Dataset entries
:::::
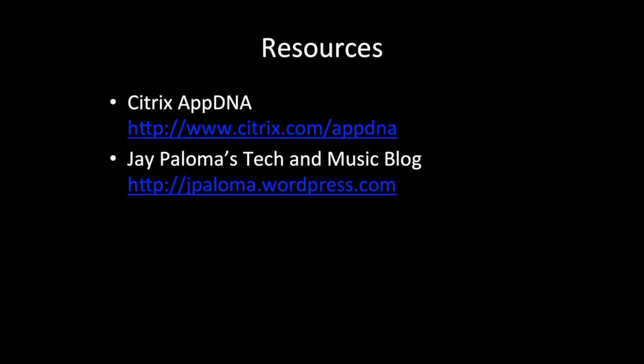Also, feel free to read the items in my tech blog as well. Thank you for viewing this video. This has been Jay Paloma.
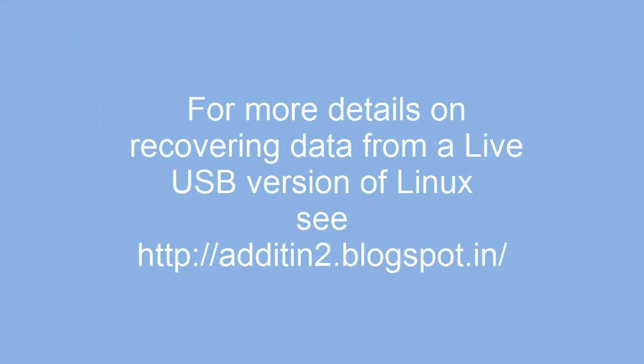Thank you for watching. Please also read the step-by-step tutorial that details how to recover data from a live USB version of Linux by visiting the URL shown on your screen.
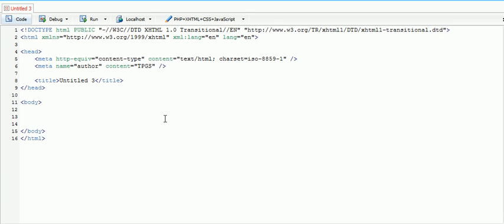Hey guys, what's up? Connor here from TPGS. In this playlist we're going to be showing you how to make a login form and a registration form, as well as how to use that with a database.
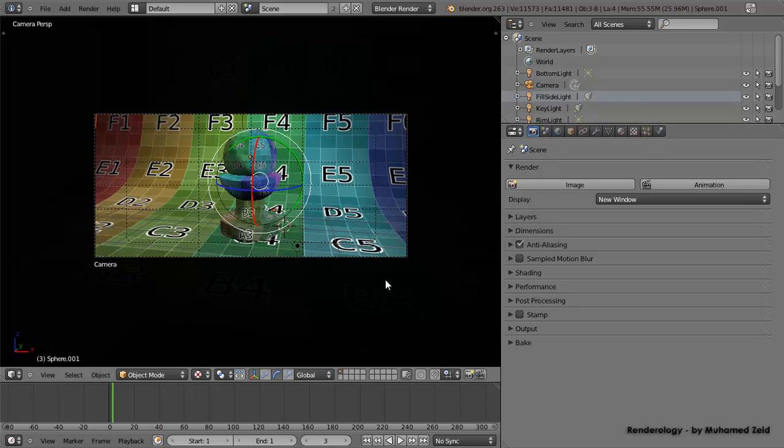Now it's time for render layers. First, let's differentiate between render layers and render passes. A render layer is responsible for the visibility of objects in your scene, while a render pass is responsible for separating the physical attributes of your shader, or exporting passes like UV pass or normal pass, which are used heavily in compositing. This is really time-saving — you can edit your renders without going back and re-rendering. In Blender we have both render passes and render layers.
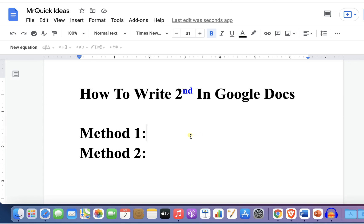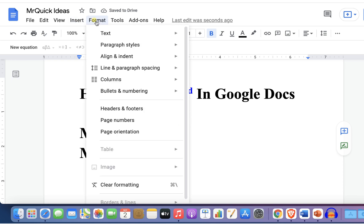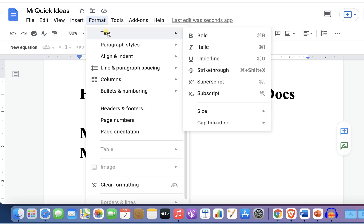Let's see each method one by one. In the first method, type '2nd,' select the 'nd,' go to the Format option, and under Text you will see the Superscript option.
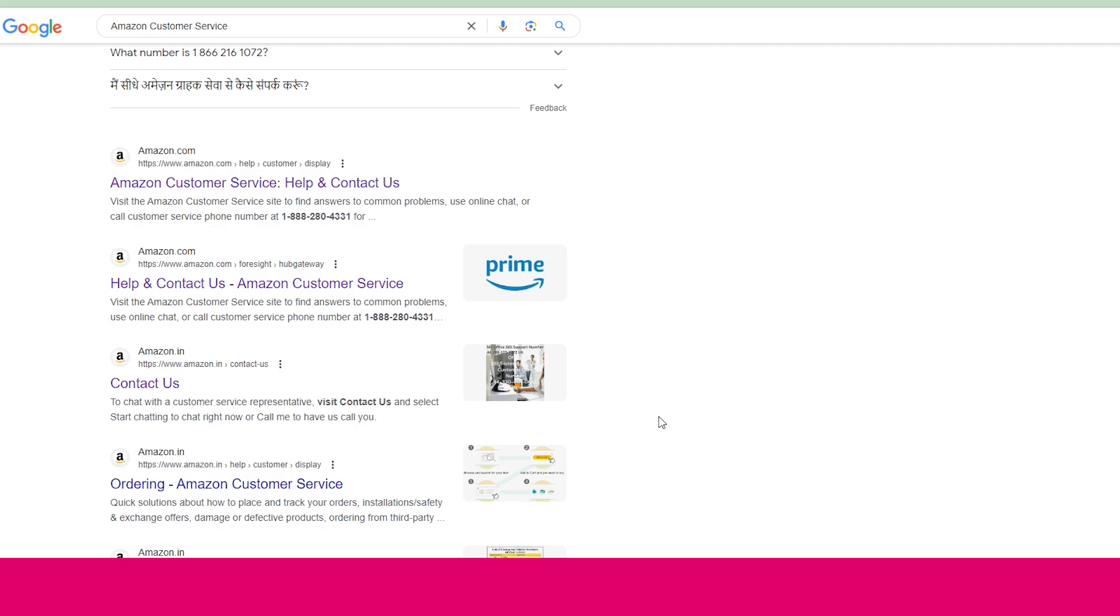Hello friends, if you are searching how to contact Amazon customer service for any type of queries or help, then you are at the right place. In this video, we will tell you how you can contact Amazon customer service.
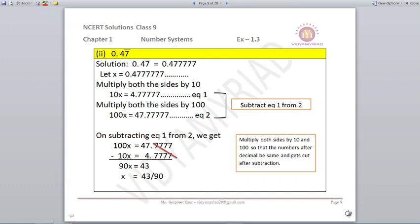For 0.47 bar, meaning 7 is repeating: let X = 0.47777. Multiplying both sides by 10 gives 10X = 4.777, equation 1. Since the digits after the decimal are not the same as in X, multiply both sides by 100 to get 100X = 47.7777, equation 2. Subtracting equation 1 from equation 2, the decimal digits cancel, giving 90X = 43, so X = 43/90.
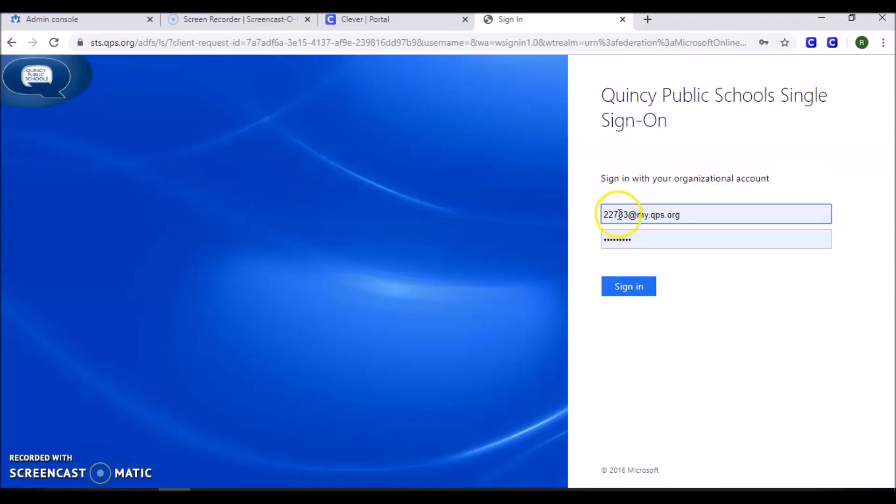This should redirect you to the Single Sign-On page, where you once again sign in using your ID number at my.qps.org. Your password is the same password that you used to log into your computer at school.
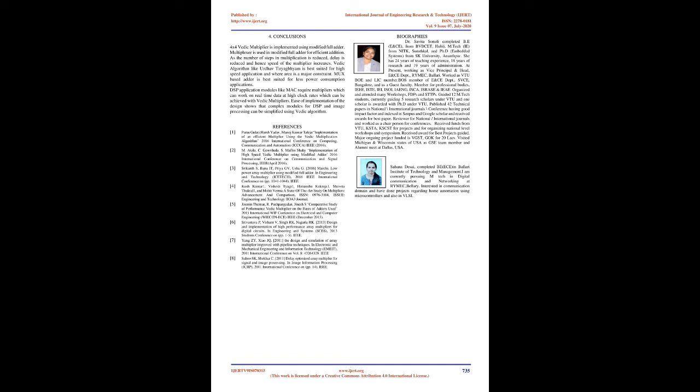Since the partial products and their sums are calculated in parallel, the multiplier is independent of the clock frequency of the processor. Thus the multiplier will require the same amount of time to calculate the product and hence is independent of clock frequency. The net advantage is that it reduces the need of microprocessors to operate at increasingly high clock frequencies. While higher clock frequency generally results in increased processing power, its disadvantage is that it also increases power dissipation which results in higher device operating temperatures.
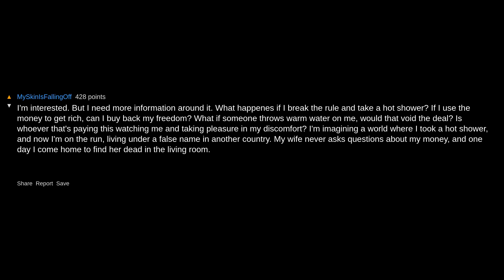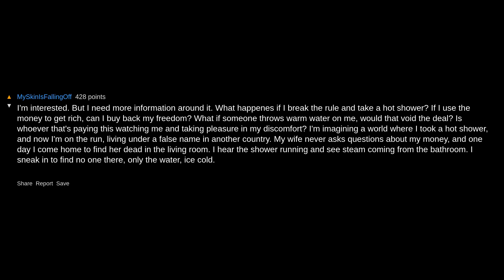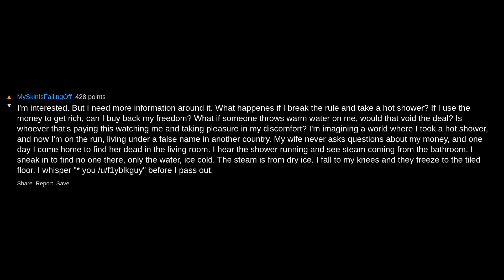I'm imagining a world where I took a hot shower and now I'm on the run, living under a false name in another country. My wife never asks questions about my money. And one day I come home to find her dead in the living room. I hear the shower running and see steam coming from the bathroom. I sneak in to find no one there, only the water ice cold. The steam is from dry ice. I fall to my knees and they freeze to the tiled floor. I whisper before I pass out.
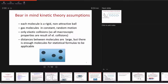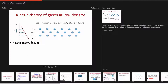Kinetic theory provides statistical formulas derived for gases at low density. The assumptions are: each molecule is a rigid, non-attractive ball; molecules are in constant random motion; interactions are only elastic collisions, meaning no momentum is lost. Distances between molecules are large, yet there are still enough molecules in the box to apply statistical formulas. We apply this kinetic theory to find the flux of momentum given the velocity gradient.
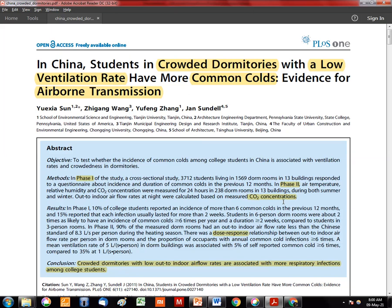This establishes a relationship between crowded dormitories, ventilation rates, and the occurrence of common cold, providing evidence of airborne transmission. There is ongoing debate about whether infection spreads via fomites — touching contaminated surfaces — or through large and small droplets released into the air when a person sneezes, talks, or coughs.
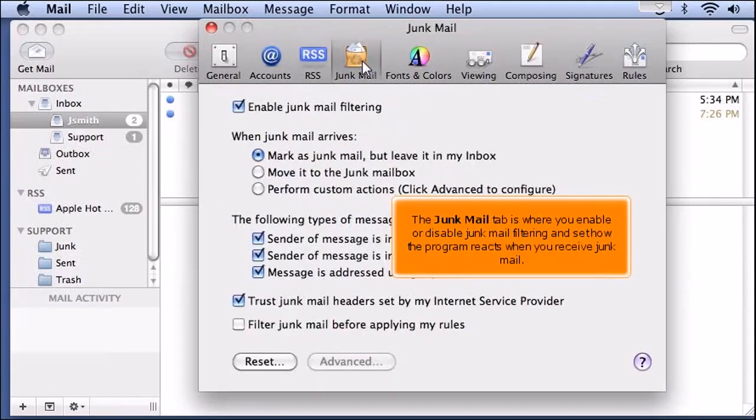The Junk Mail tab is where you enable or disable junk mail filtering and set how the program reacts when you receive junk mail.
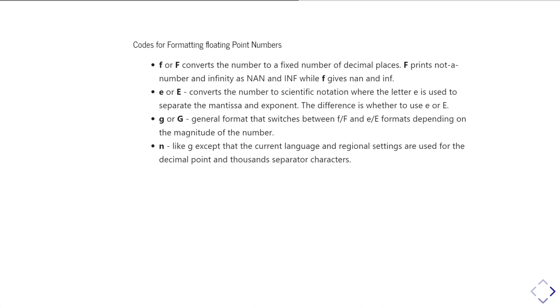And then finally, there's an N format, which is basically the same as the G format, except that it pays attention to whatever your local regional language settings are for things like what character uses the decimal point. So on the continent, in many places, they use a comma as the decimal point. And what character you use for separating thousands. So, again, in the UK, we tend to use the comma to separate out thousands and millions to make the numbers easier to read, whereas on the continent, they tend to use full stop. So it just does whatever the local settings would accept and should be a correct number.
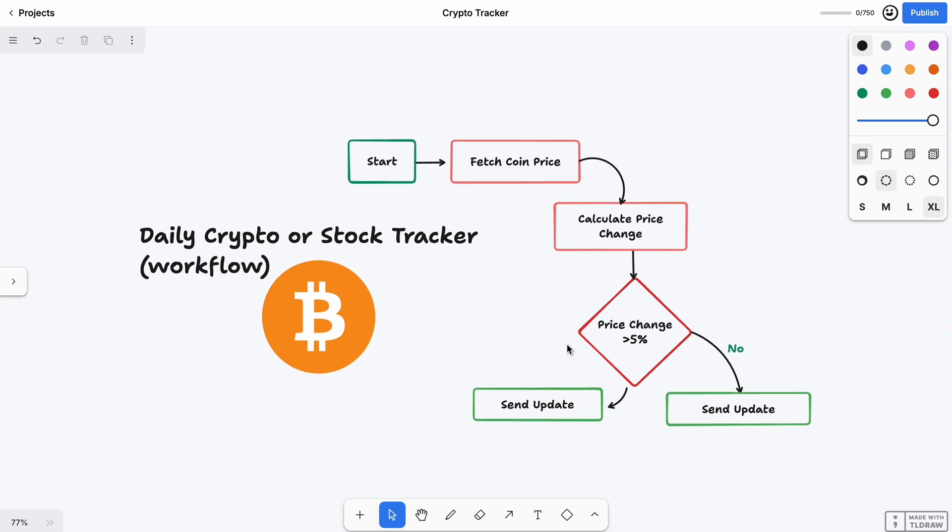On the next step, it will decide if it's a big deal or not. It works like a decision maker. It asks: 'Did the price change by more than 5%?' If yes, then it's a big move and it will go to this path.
:::::
# What to do:
With the pictures omitted, restate word for word the lines above from the line that has "Since the partial" up to and including the line that has "I'm imagining a", and no other lines.

# Answer to this exercise:
Since the partial products and their sums are calculated in parallel, the multiplier is independent of the clock frequency of the processor. Thus the multiplier will require the same amount of time to calculate the product and hence is independent of clock frequency. The net advantage is that it reduces the need of microprocessors to operate at increasingly high clock frequencies. While higher clock frequency generally results in increased processing power, its disadvantage is that it also increases power dissipation which results in higher device operating temperatures.
I'm imagining a world where I took a hot shower and now I'm on the run, living under a false name in another country. My wife never asks questions about my money. And one day I come home to find her dead in the living room. I hear the shower running and see steam coming from the bathroom. I sneak in to find no one there, only the water ice cold. The steam is from dry ice. I fall to my knees and they freeze to the tiled floor. I whisper before I pass out.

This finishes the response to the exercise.